Commissioner of Public Safety, Appellant.

Filed September 15, 2014 Reversed Larkin, Judge

Dakota County District Court File No. 19AV-CV-13-1351

Jeffrey S. Sheridan, Strandemo, Sheridan & Dulas, P.A., Eagan, Minnesota (for respondent)

Lori Swanson, Attorney General, Kristi Nielsen, Assistant Attorney General, St. Paul, Minnesota (for appellant)

Considered and decided by Cleary, Chief Judge; Larkin, Judge; and Klaphake,

Judge.

 Retired judge of the Minnesota Court of Appeals, serving by appointment pursuant to Minn. Const. art. VI, § 10. UNPUBLISHED OPINION

LARKIN, Judge

Appellant challenges the district court’s order rescinding the implied-consent

revocation of respondent’s driver’s license. We reverse.

FACTS

After observing a vehicle cross the fog line on a roadway two times, Minnesota

State Patrol Lieutenant Brian Reu stopped the vehicle and identified the driver as

respondent Danika Paige Anastasi. Following a brief investigation, Lieutenant Reu

arrested Anastasi for driving under the influence of alcohol. He transported Anastasi to

the Dakota County Jail and read her Minnesota’s implied-consent advisory. Anastasi

indicated that she understood the advisory and declined to contact an attorney.

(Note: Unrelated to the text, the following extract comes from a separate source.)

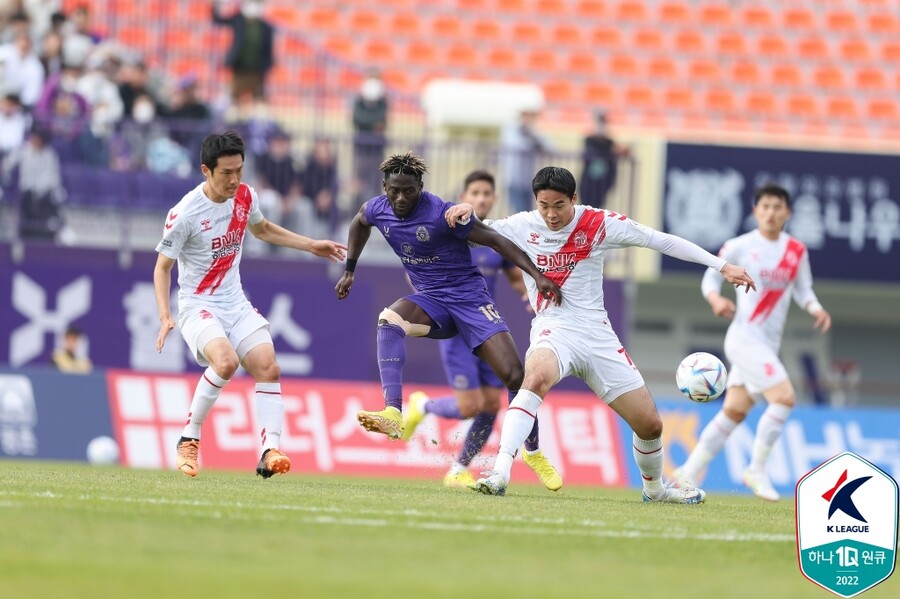▲ FC안양이 승강 플레이오프 티켓을 잡았다. ⓒ한국프로축구연맹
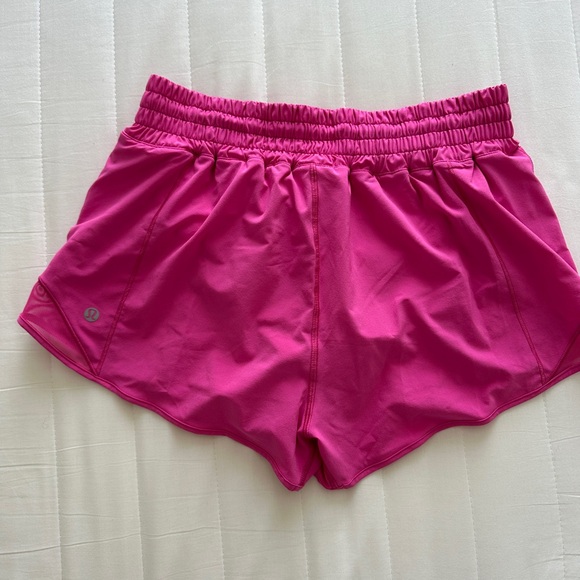 Hotty hot lululemon Shorts - Picture 2 of 4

Lieutenant Reu asked Anastasi if she would take a breath test; she replied, “sure.” The

results of the test indicated that Anastasi’s alcohol concentration was above the legal

limit.

Based on the results of the breath test, appellant commissioner of public safety

revoked Anastasi’s driver’s license under Minnesota’s implied-consent law. Anastasi

petitioned for judicial review of the license revocation. The district court considered

Anastasi’s arguments that “the United States Supreme Court in Missouri v. McNeely, 133

S. Ct. 1552 (2013), rendered Minnesota’s ‘Implied Consent Law’ unconstitutional, the

alcohol concentration test was obtained in violation of her constitutional rights, the test

should be suppressed, and the revocation should be rescinded.” The district court

ultimately determined that “no unconstitutional condition is imposed by Minnesota’s

2 ‘Implied Consent Law’”; Anastasi’s “request to have Minnesota’s ‘Implied Consent Law’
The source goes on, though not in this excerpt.